Why is publishing so long for only 12mb CAR?
Why is the context being cancelled ?
@hector not nginx but haproxy is involved in doing SSL termination and reverse proxy.
Yes, I noticed the other issue, but I thought the message was complaining bout the context to the IPFS server because of the URL in the message. So you think the context that requests to the cluster is the one aborted?
The request to IPFS is aborted because of a context cancellation, and the only way that can happen is because the original request to the cluster api is cancelled (I think). Try adding with ?stream-channels=false. Some proxies do not handle well the fact that progress responses are sent before the upload is finished, but I’m not sure if that is the case here. HAproxy logs might give some insight too… what return code and/or do they show for these requests?
There is also the possibility that Block/put calls to ipfs just hang (i.e. disk-writing issue). So I would verify that the disk is healthy and performs well.
I have used this timeout to the specific backend because I fear using it in general could lead to haproxy running out of resources if any other service does not properly terminate connections.
@hector and do you have any idea why is it so slow to add this CAR? anything that can be done about it?
Yes, it seems to be very slow. What is the replication factor? Do you think one of those peers has very low bandwidth?

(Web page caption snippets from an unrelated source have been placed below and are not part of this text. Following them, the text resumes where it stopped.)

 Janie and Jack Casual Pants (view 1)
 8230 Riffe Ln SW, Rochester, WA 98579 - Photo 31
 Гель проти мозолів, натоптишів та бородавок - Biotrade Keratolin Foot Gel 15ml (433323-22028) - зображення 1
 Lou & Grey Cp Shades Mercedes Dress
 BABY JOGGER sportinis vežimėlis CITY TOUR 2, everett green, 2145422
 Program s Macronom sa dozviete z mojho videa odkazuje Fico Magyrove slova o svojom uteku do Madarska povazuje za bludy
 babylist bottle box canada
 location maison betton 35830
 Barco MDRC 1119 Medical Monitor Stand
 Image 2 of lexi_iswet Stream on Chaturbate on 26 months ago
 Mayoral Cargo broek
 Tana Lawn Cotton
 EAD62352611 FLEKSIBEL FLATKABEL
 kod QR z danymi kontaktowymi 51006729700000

The car is streamed to all nodes that will pin the content, so if it takes very long it usually means one of those streams is very slow (either bandwidth is very low, or writing to disk is very slow).

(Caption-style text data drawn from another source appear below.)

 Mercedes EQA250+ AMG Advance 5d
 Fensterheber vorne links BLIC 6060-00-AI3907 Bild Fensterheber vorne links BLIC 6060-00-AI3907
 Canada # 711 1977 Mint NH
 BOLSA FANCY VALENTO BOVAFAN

One workaround is to add will ?local=true (ipfs-cluster-ctl add --local…). This will upload direclty only to the local node. The file will be replicated by pinning it in other places and retrieved via bitswap.

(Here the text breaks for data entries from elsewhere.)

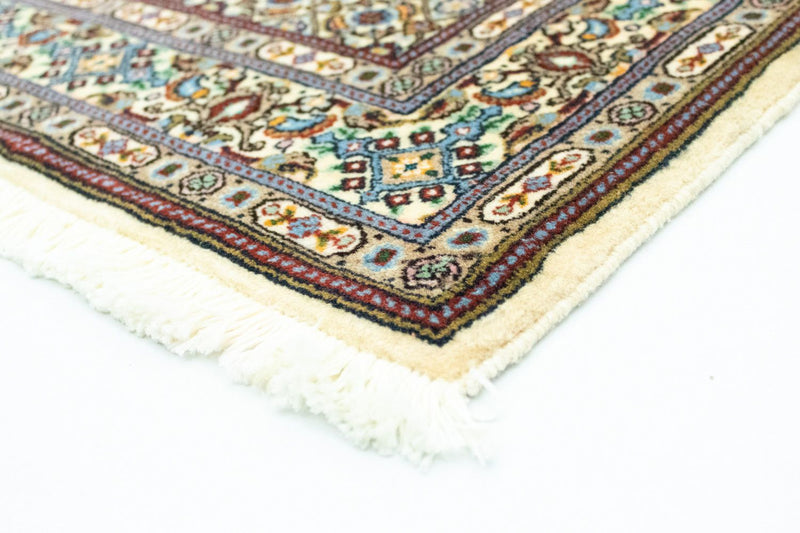 Moud Teppe 118x80cm - Persisk teppe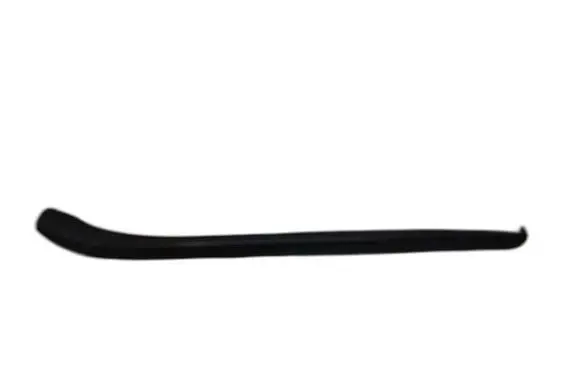 Peugeot 508 (A) pillar trim 9686615580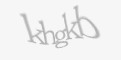 Қорғаныс коды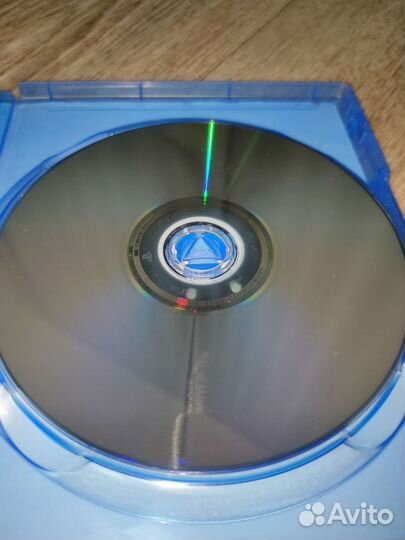 Tom clancy s the division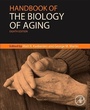 Cover: Handbook of the Biology of Aging - Academic Press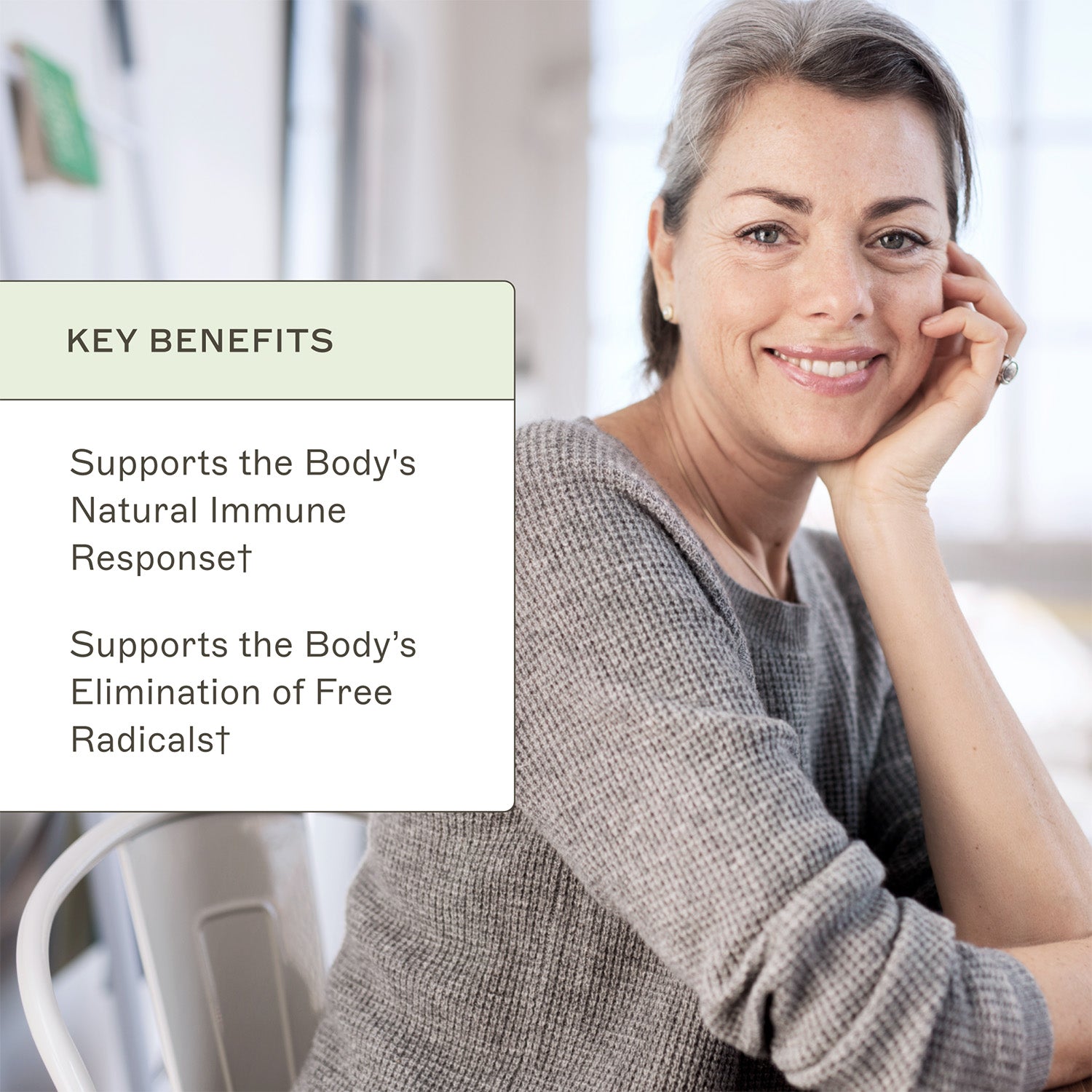 - Complete Omega-3 Softgels -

@hector , actually the haproxy setting is not 100% working, our service publishes daily and I am still getting failures. I am starting to think that it gets stuck and fails no matter at which timeout, no failures are happening after 60m+ even thou when there is success publishing takes around 30 minutes.
I am tempted to test to deliver without SSL termination, and see what happens.
the cluster is only 2 nodes: datacenter and lab, I don’t think we have bandwidth issues, the car is very small… if I scp the CAR file to the datacenter it takes only seconds.
/ # ipfs-cluster-ctl -v
ipfs-cluster-ctl version 0.14.5
I am aware of the local=true option, but the idea is to publish and then update dns entries knowing that the nodes are ready to receive traffic for content already pinned. It is a nice functionality.
The CAR is 50mb (did not realize that it was zipped by gitlab, which is 12mb). Once un-car’ed it is 199Mb with 25K files in 24K directories. Mainly JSON files.
If you want to browse an example: use CID bafybeihhaxdfv6lnbyln7z2nwwo4wzb5myhnrfv5afayqr3c2jobfyvrqq
This is a very old version. Back in this version, adding a file meant one block/put request for each block in it. Your files are specially block-heavy. This is probably the reason it takes forever. Upgrade to the latest cluster version and try again, see how long it takes.